ReportText = DSMakeJobReport(JobHandle,ReportType,"LF")
*- Getting the required counts from the Job Links
varSrcCount1 = DSGetLinkInfo(JobHandle,'Sequential_File_4','In',DSJ.LINKROWCOUNT)

LogEntries[10] = DSGetLogSummary(JobHandle,DSJ.LOGINFO,JobStarted,JobEnded,0)

varSrcCount2 = 0
varInsCount=0
varSrcCount = varSrcCount1 + varSrcCount2
varUpdCount = 0
varDelCount = 0
Audit_info='"1",'
Audit_info := '"':Field(trims(Field(ReportText,CHAR(10),3)),' ',5):'",'
Audit_info :='"':'LOADING':'",'
Audit_info := '"':right(trims(Field(ReportText,CHAR(10),5)),19):'",'
Audit_info := '"':right(trims(Field(ReportText,CHAR(10),6)),19):'",'
Audit_info := '"':right(trims(Field(ReportText,CHAR(10),7)),8):'",'
Audit_info := '"':right(Field(trims(Field(ReportText,CHAR(10),8)),' ',2),0):'",'
Audit_info := varSrcCount:','
Audit_info := varInsCount:','
Audit_info := varUpdCount:','
Audit_info := varDelCount:','
Audit_info := LogEntries[4]:'"'

Openpath DirName to t.fvar then
  write Audit_info to t.fvar, FileName else
  call DSLogWarn("Failed to write file ":FileName:" to directory ":DirName, "Routine_call_check")
end
end
else
call DSLogWarn("Failed to open directory1 ":DirName, "Routine_call_check")
end
close t.fvar
 
*- Audit Code
AuditText =DSMakeJobReport(JobHandle,1,"LF")
AuditFileName := "Audit_":FileName
Openpath DirName to t.fvar then
write AuditText to t.fvar, AuditFileName else
call DSLogWarn("Failed to write file ":AuditFileName:" to directory ":DirName, "Routine_call_check")
end
end
else
call DSLogWarn("Failed to open directory ":DirName, "Routine_call_check")
end
close t.fvar

Hope you can give me an input on this.

Regards,
Rajeev Prabhu

ray.wurlod wrote:Need to see your whole routine. Post it here, surrounded by Code tags (select the whole code, then click on the Code button above).

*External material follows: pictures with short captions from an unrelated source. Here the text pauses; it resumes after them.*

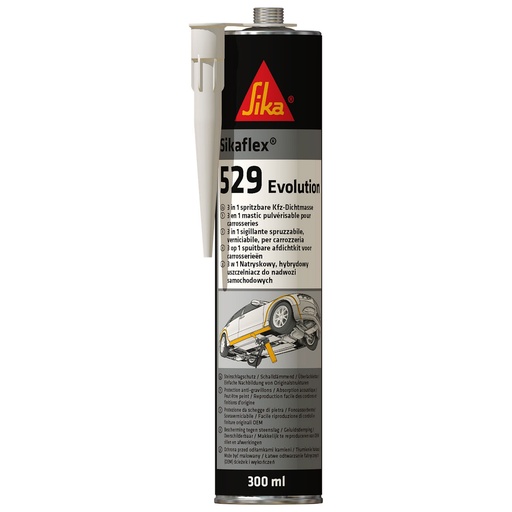 [PTG254.00475] Sikaflex-529 Evolution, Etansant fara izocianati aplicabil prin pulverizare pentru vehicule, Interior si exterior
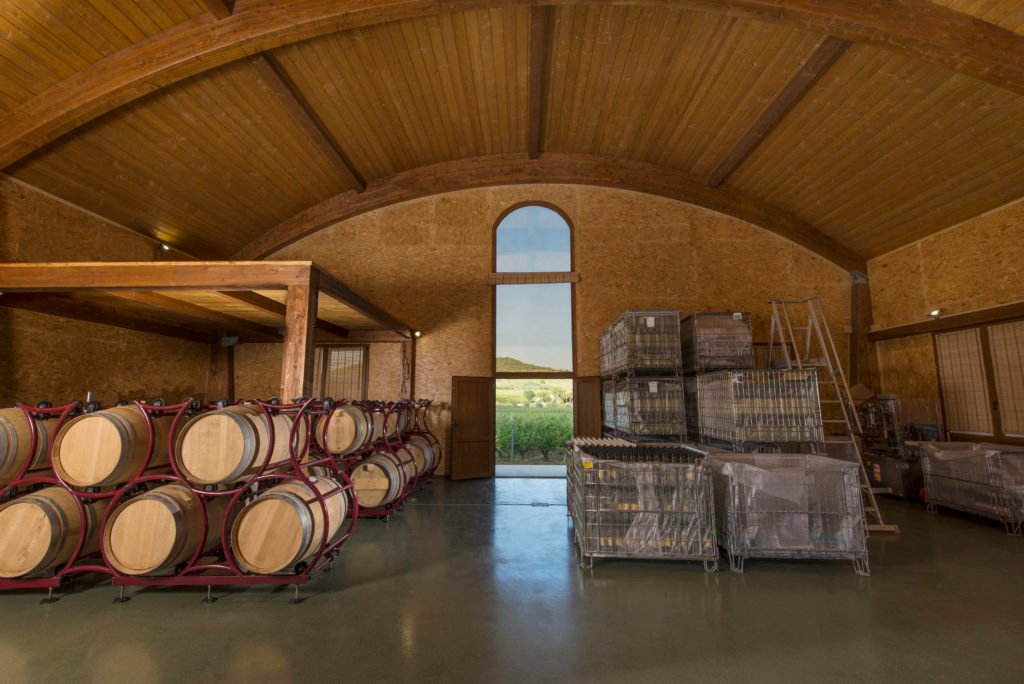 cantina in bio architettura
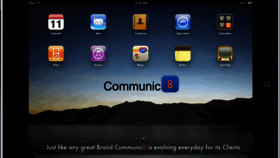 What Communic8.co.nz website looked like in 2020 (3 years ago)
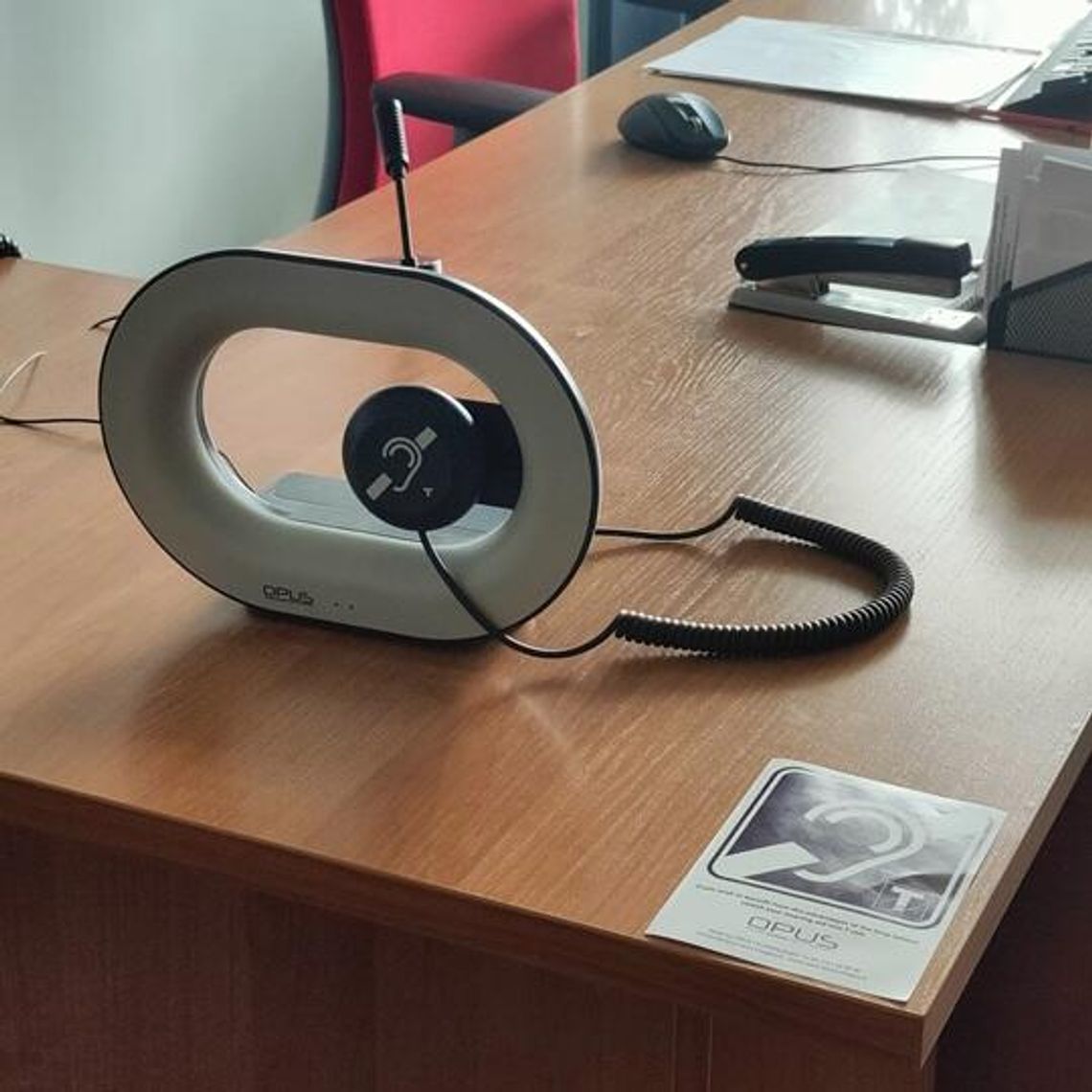 Lublin montuje 10 pętli indukcyjnych dla osób z niepełnosprawnością słuchu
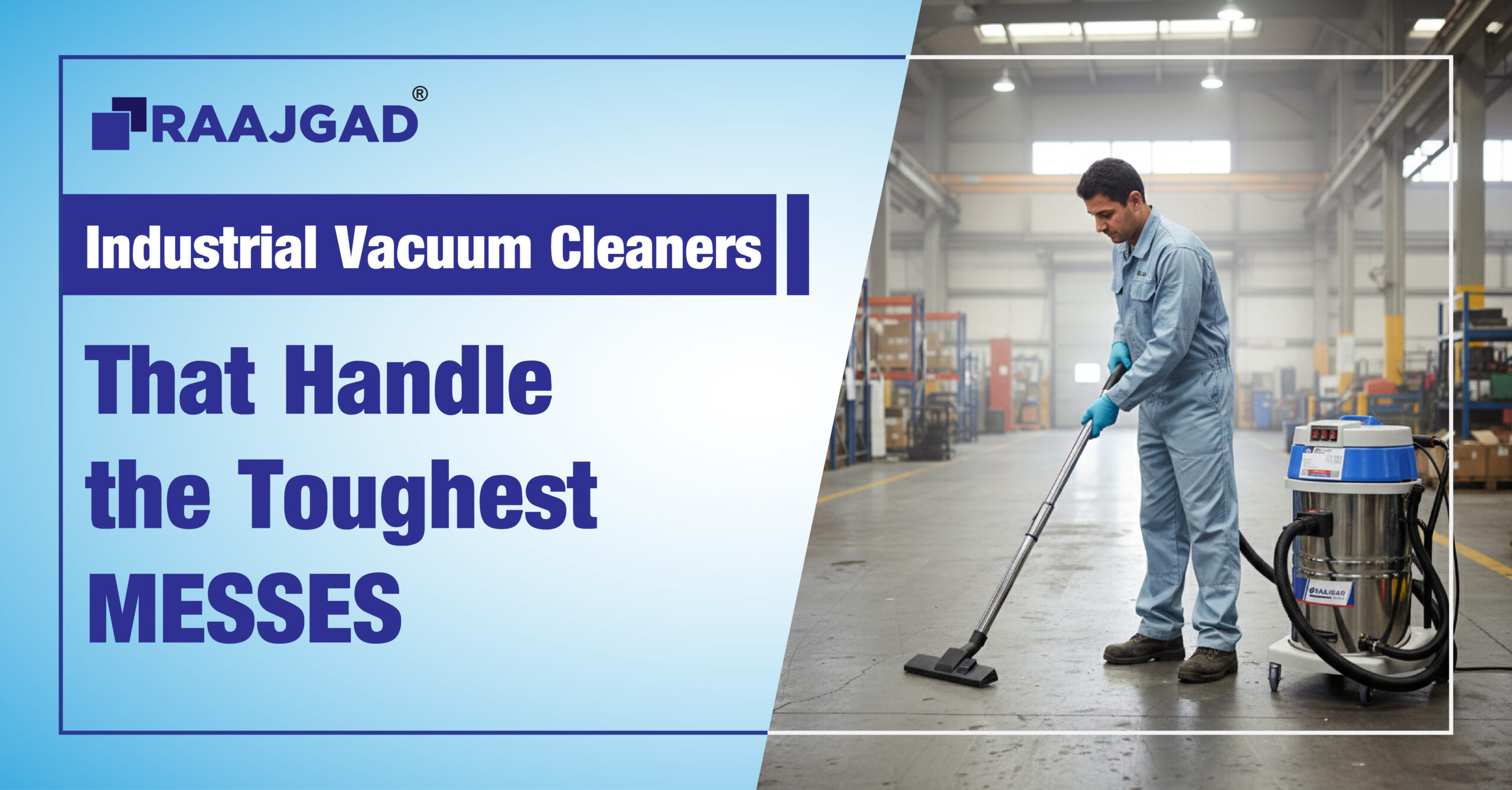 Industrial Vacuum cleaner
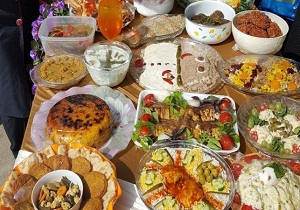 پایان نخستین جشنواره گردشگری غذا و هنرآشپزی در میناب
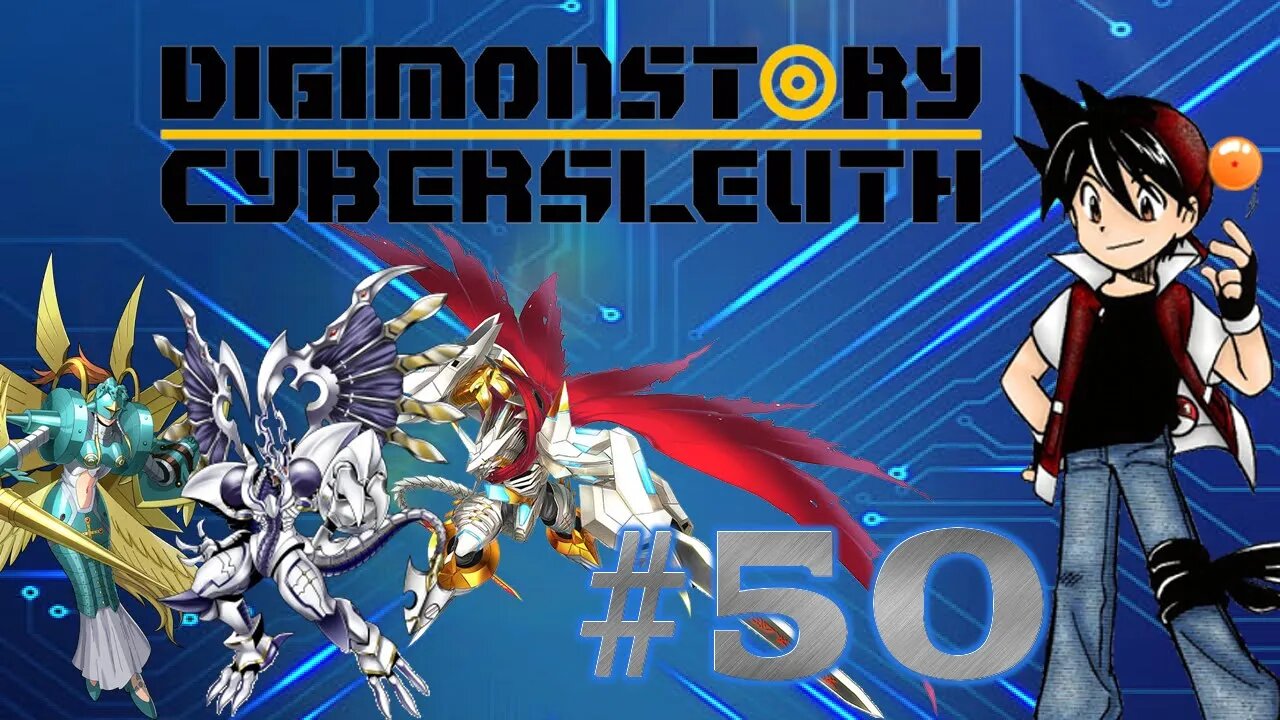 Digimon Story: Cyber Sleuth - Parte 50 - Por que eu ajudo gente que eu não me importo?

The JobHandle variable must have been assigned by an earlier DSAttachJob() call.
The result from DSGetLogSummary is a "dynamic array". Fields in dynamic arrays are referred to using angle bracket notation.

Result = DSGetLogSummary(...)
FirstField = Result<1>
SecondField = Result<2>

and so on.

You can also use the MATPARSE statement (refer to DataStage BASIC manual) to load the contents of a dynamic array into a dimensioned array. Dimensioned array elements are accessed with the index value in parentheses (not square brackets).